You need to speak to The Blessed Recumbentman. He's Wittgenstein's representative on earth. Or, at least, on h2g2.


Missile-ain'ee

Post 13159

Recumbentman

Thank you for the drumroll Edward! A1024156 'Ludwig Wittgenstein' is my sincere homage to the saint of the 20th century. An unreligious writer who has influenced theologians, and a teriffic demolisher of the twaddle that philosophers speak.

That is a great collections of quotes, ~j~. Though he wrote in German (being Austrian, and an exact contemporary of Hitler, who was his schoolmate for a year or two!
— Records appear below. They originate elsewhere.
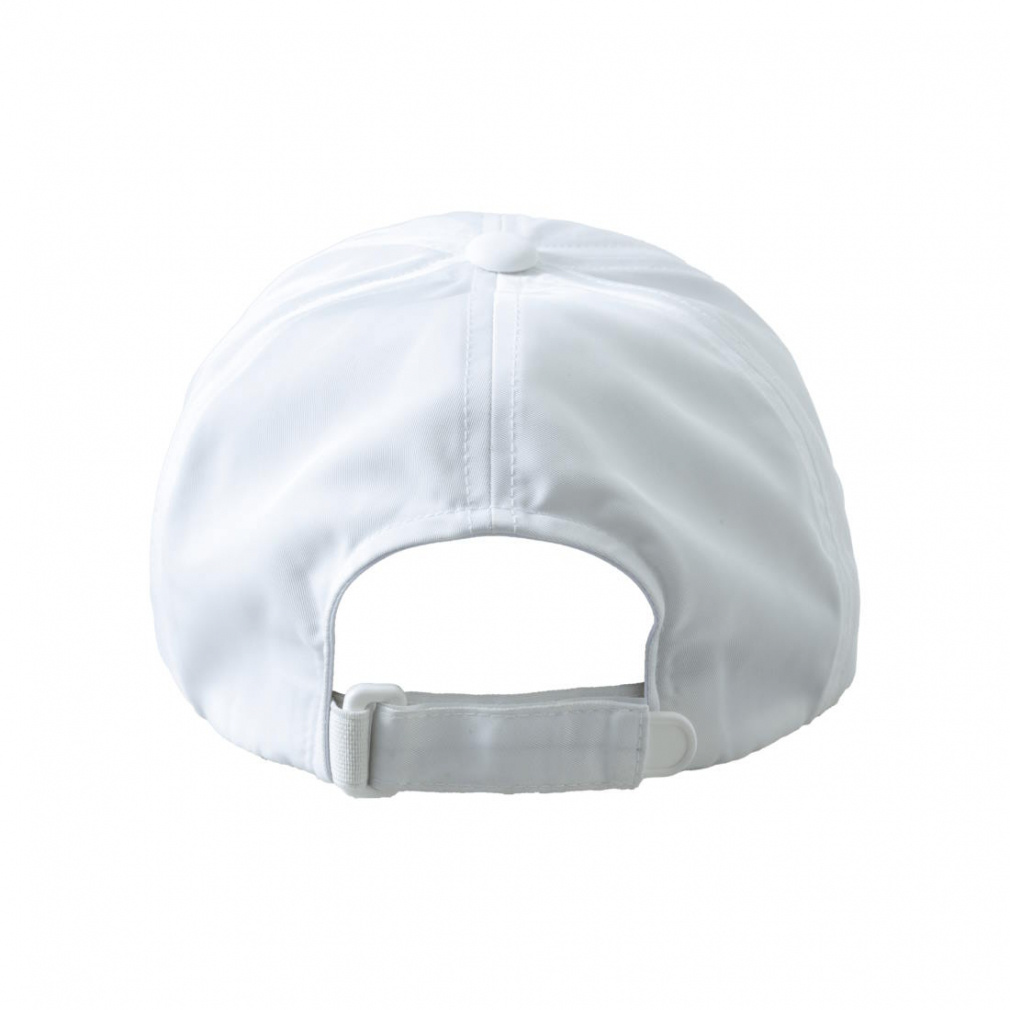 バボラ レディス テニス キャップ CLUB CAP BWC3731C 吸水速乾・UV機能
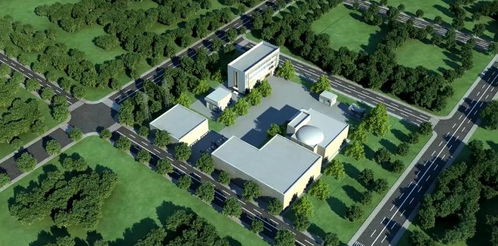 山東核電聯手多方推進核能供暖與海水淡化項目，助力天津可持續發展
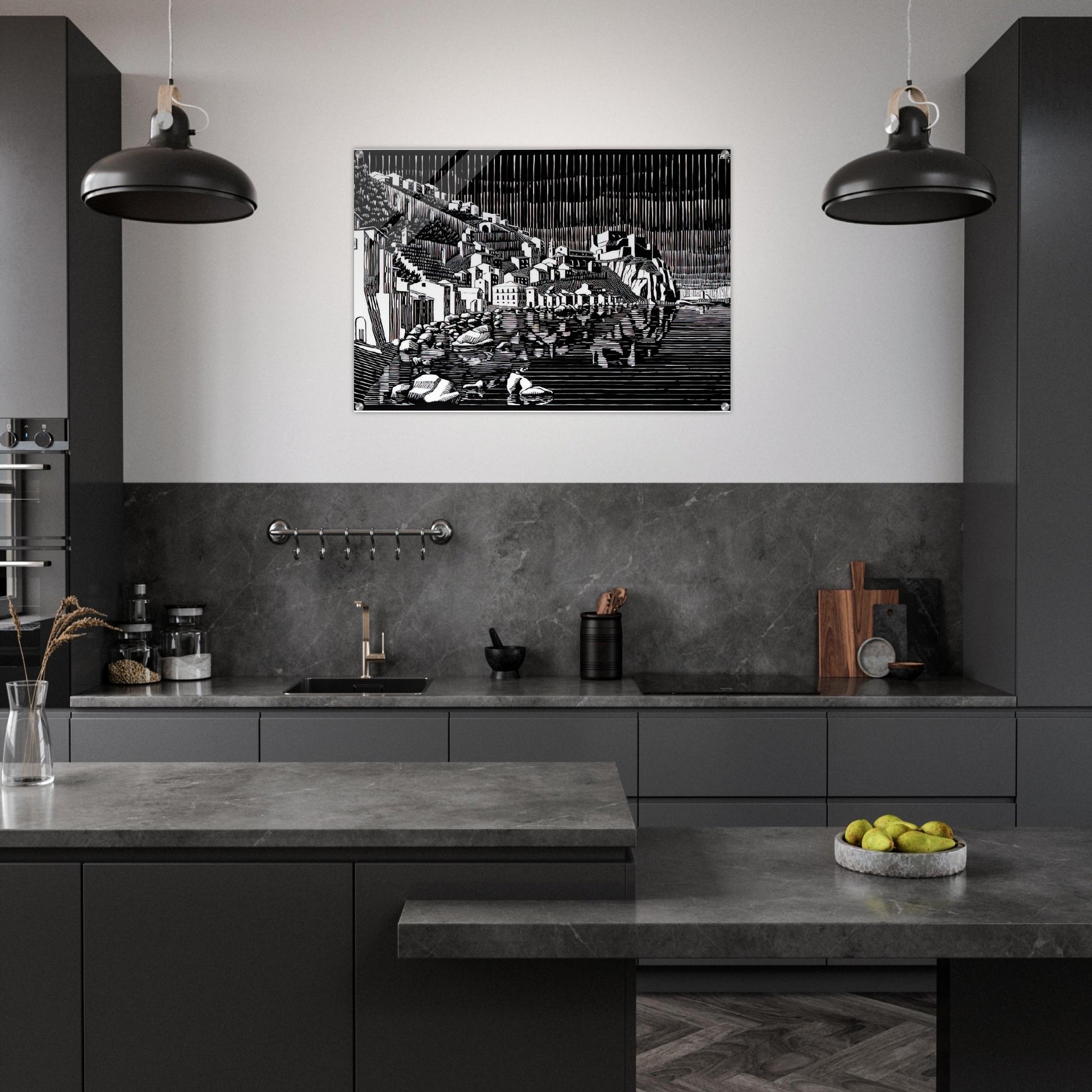 baaf0f74-158f-4225-a8ff-b82ff1800f32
Some people think Hitler's anti-Semitism sprang from the sparkling wit, grace, talents, and all-round superiority of this Jewish boy, or at least was exacerbated by it) he is mainly translated into Oxford English, whose particular quirk is the spelling "shewn" for shown.

However I doubt that "sewn" is the right word for seeds, even in Oxford. Nope. Only sown in Soed. smiley - smiley


Missile-ain'ee

Post 13160

Recumbentman

"A serious and good philosophical work could be written consisting entirely of jokes." -- such as The Life of Brian.